Stream processing applications, including streaming ETL pipelines, materialized caches, and event-driven microservices, are made easy with ksqlDB. Until recently, your options for interacting with ksqlDB were limited to its command-line interface (CLI), user interface (UI), and REST API. The CLI and UI are more convenient and intuitive, while the REST API is more compatible with writing applications. The introduction of ksqlDB clients seeks to deliver the best of both worlds, enabling convenient and intuitive interaction with ksqlDB servers from within your applications. The first such client—the Java client for ksqlDB—shipped with ksqlDB 0.10.0, with additional functionality added in 0.11.0 and 0.12.0. Let’s see it in action.
Follow along with the complete code examples and run a quick demo yourself on GitHub.
Suppose we have an IoT system consisting of various different types of sensors. Sensor readings are produced to Apache Kafka®, and for each sensor type, we’d like to use ksqlDB to create a materialized cache that users and applications may query to retrieve the latest reading(s) for a particular sensor ID (of the relevant type).
Different sensor types may have different schemas for the readings produced by sensors of that type and, as a result, should be modeled as different ksqlDB streams.
Sensor Type 1: Single-value, stationary sensor |
Schema: (sensorID VARCHAR, reading INTEGER) |
Sensor Type 2: Multi-value, stationary sensor |
Schema: (sensorID VARCHAR, reading1 DOUBLE, reading2 BIGINT) |
Sensor Type 3: Single-value, non-stationary sensor |
Schema: (sensorID VARCHAR, reading DOUBLE, latitude DOUBLE, longitude DOUBLE) |
We’ll assume that the schemas for all sensor types contain a string-valued field sensorID, representing the ID of the sensor from which a particular reading was recorded.
Let’s use the Java client for ksqlDB to implement a programmatic way to add new sensor types, remove sensor types that are no longer needed, and query materialized views for the latest sensor readings.
To get started with the client, create a Java application with the example POM in the documentation and initialize the client to connect to your ksqlDB server:
public class SensorTypesManager {
private Client client;
public SensorTypesManager(String serverHost, int serverPort) { ClientOptions options = ClientOptions.create() .setHost(serverHost) .setPort(serverPort); this.client = Client.create(options); }
// ...
}
To add a new sensor type, we first have to create a ksqlDB stream to represent the sensor readings for sensors of the new type:
public void addSensorType(String sensorType, String sensorReadingsTopic) {
String createStreamSql = "CREATE STREAM " + sensorType + " WITH (KAFKA_TOPIC='" + sensorReadingsTopic + "', VALUE_FORMAT='AVRO');"; try { client.executeStatement(createStreamSql).get(); } catch (ExecutionException | InterruptedException e) { throw new RuntimeException("Failed to create stream", e); }
// ... }
Note that when using Avro data with ksqlDB, it’s not necessary to explicitly specify the schema of new streams as ksqlDB will look up the schema for the relevant Kafka topic in the Confluent Schema Registry. The same is true of Protobuf and, optionally, JSON data as well.

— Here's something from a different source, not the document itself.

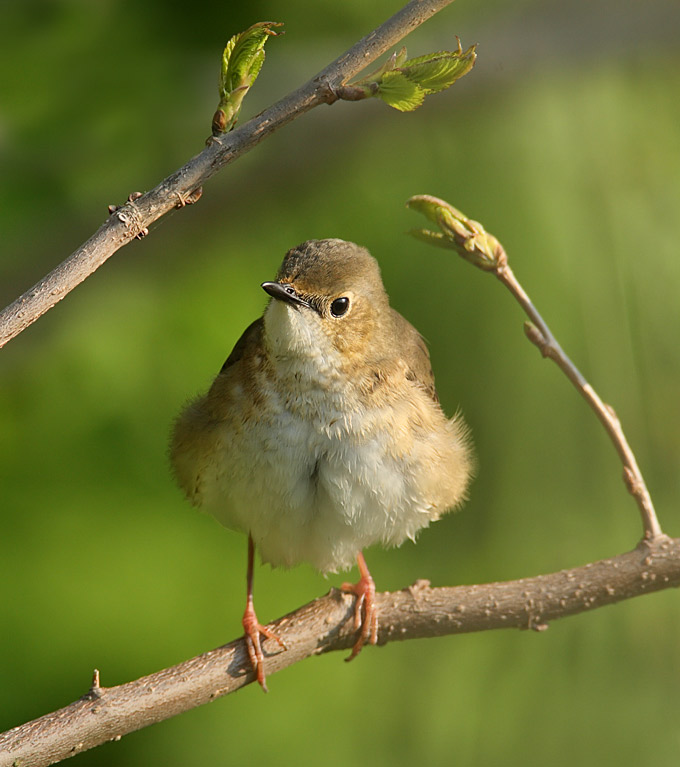 Siberian Blue Robin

Next, we create a materialized cache containing the latest sensor readings for each sensor of the new type. In order to do this, we need access to the schema of the newly created stream. Our Java program could fetch the schema from Schema Registry directly via its REST API, or we can retrieve the schema by describing the newly created stream in ksqlDB instead. We’re specifically interested in the column names for the new stream so we can include them in the materialized view.

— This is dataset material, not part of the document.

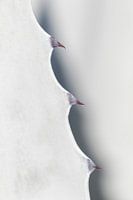 Close-up photo agave leaf | Minimalist agave plant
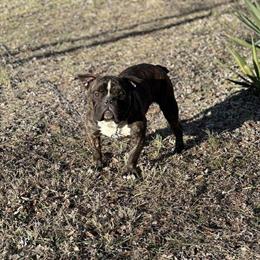 American Bully Titus - 1 Year Old, Vaccinated, $300 OBO in Midlothian, va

List<String> columnNames; try { SourceDescription description = client.describeSource(sensorType).get(); columnNames = description.fields().stream() .map(FieldInfo::name) .collect(Collectors.toList()); } catch (ExecutionException | InterruptedException e) { throw new RuntimeException("Failed to describe stream", e); }
With the list of column names, we can now create a materialized view of the latest sensor readings per sensor. To do this, we’ll use the LATEST_BY_OFFSET built-in aggregation function to track the latest value for each column. For example, given the sensor type drone_locations with schema (sensorID VARCHAR, latitude DOUBLE, longitude DOUBLE, altitude DOUBLE), the command for creating a materialized view with the latest sensor readings per sensor is this:
CREATE TABLE drone_locations_materialized AS SELECT sensorID, LATEST_BY_OFFSET(`LATITUDE`) AS `LATITUDE`, LATEST_BY_OFFSET(`LONGITUDE`) AS `LONGITUDE`, LATEST_BY_OFFSET(`ALTITUDE`) AS `ALTITUDE` FROM drone_locations GROUP BY sensorID EMIT CHANGES;
We create this command programmatically and submit it using the Java client:
String tableName = sensorType + "_materialized"; String materializedViewSql = "CREATE TABLE " + tableName + " AS SELECT sensorID, " + columnNames.stream() .filter(column -> !column.equalsIgnoreCase("sensorID")) .map(column -> "LATEST_BY_OFFSET(`" + column + "`) AS `" + column + "`") .collect(Collectors.joining(", ")) + " FROM " + sensorType + " GROUP BY sensorID" + " EMIT CHANGES;"; Map<String, Object> properties = Collections.singletonMap("auto.offset.reset", "earliest"); try { client.executeStatement(materializedViewSql, properties).get(); } catch (ExecutionException | InterruptedException e) { throw new RuntimeException("Failed to create materialized view", e); }
By passing in the query property auto.offset.reset with value earliest, the materialized view will be populated with any sensor readings already present in the source Kafka topic.
Putting it all together, we have our method for adding a new sensor type. Notice how the method is currently synchronous—the method blocks until the requests to create the new stream and materialized view have been acknowledged by the ksqlDB server.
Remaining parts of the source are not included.